=== Section Start ===
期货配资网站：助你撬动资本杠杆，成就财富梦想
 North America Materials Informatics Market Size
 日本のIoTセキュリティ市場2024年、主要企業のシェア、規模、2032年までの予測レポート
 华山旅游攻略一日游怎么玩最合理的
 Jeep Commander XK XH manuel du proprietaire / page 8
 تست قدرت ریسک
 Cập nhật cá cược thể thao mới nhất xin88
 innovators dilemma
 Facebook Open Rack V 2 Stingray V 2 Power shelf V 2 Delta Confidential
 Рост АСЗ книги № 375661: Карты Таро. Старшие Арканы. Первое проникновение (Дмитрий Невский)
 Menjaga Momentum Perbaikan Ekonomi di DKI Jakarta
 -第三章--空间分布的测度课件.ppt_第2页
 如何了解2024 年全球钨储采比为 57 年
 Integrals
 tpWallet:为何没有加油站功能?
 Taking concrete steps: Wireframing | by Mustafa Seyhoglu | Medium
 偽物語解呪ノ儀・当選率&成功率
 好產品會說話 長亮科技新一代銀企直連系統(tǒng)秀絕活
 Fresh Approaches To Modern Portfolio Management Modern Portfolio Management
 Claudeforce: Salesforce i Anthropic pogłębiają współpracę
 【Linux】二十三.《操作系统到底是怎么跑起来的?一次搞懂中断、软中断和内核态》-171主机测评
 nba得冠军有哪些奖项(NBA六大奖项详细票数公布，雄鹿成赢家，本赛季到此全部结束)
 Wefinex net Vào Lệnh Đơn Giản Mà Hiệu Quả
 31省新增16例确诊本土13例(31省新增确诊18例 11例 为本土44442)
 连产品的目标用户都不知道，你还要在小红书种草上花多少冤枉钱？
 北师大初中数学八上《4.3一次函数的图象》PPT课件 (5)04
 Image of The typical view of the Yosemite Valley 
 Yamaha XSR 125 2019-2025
=== Section End ===
REQUIRED WORK ▸ Retype only this range exactly: the first line of the data through the line where "innovators dilemma" appears.

EXERCISE OUTPUT ▸
期货配资网站：助你撬动资本杠杆，成就财富梦想
 North America Materials Informatics Market Size
 日本のIoTセキュリティ市場2024年、主要企業のシェア、規模、2032年までの予測レポート
 华山旅游攻略一日游怎么玩最合理的
 Jeep Commander XK XH manuel du proprietaire / page 8
 تست قدرت ریسک
 Cập nhật cá cược thể thao mới nhất xin88
 innovators dilemma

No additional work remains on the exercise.